Em casos especiais, indica a ACSS, “poderá ser, pelo membro do Governo que tutela o serviço ou do dirigente dos organismos administrativa e financeiramente autónomos, autorizado um número maior de prestações mensais”, de valor inferior, igual ou superior a 5% da dívida, caso o respetivo montante não exceda 30% do vencimento base.
A circular da ACSS também se aplica aos seus gestores que terão agora de devolver os montantes que receberam a mais de forma ilegal, desde 2020, na sequência de um despacho interno também da sua autoria. Essa instrução administrativa deu orientações para acabar com o corte salarial de 5% que se aplica aos administradores públicos desde 1 de junho de 2010, no âmbito do Programa de Estabilidade e Crescimento (PEC) de José Sócrates.
O despacho, assinado por Pedro Alexandre, então vogal do conselho diretivo da ACSS, sustentava a sua decisão num parecer da Direção-Geral da Administração e do Emprego Público (DGAEP), de 2019, e numa norma do decreto-lei de execução do Orçamento do Estado para 2018, segundo o qual “os efeitos temporários das normas e medidas” relativas à redução dos vencimentos brutos em 5%, são “progressivamente eliminados”.
Entretanto, uma auditoria da Inspeção-Geral de Finanças (IGF) concluiu que essa orientação era ilícita e, na semana passada, a DGTF e a ACSS exigiram a devolução do dinheiro pago a mais aos gestores.

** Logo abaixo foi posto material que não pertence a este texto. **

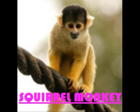Hello, my name is Gabrielle. I have been researching a mammal called the squirrel monkey. I have worked hard on this presentation so I hope you like it.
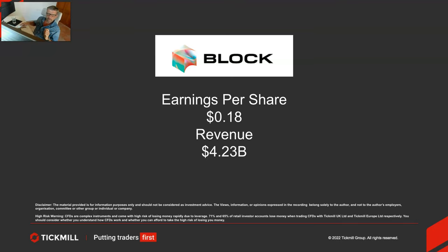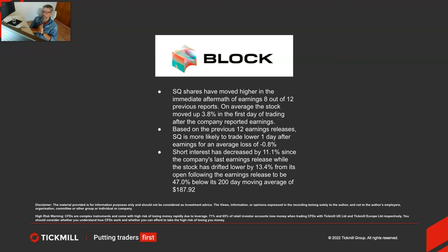Let's look at some of the statistical trading patterns around the Block release. Shares have moved higher in the immediate aftermath of earnings eight out of the last 12 previous reports. On average the stock has moved up 3.8% in the first day of trading after the company reports earnings. However, based on the previous 12 earnings releases, it's more likely to trade lower one day after earnings, for an average loss of negative 0.8%.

Na missiva endereçada aos hospitais públicos e institutos do Ministério das Saúde, as duas entidades reiteram a “necessidade de […] aplicação da redução de 5% da remuneração fixa mensal ilíquida dos gestores públicos […], devendo ser regularizadas todas as situações que estejam em desconformidade com esta determinação, designadamente através do ajustamento retroativo das remunerações entretanto processadas”.
Em causa poderão estar cerca de 200 administradores hospitalares de 39 ULS e de três institutos portugueses de oncologia (IPO).
De lembrar que o Parlamento eliminou este corte de 5% sobre os titulares de cargos políticos e gestores públicos no Orçamento do Estado para 2025, com efeitos imediatos a 1 de janeiro do próximo ano, por proposta do PSD e do CDS e voto favorável do PS e do PAN.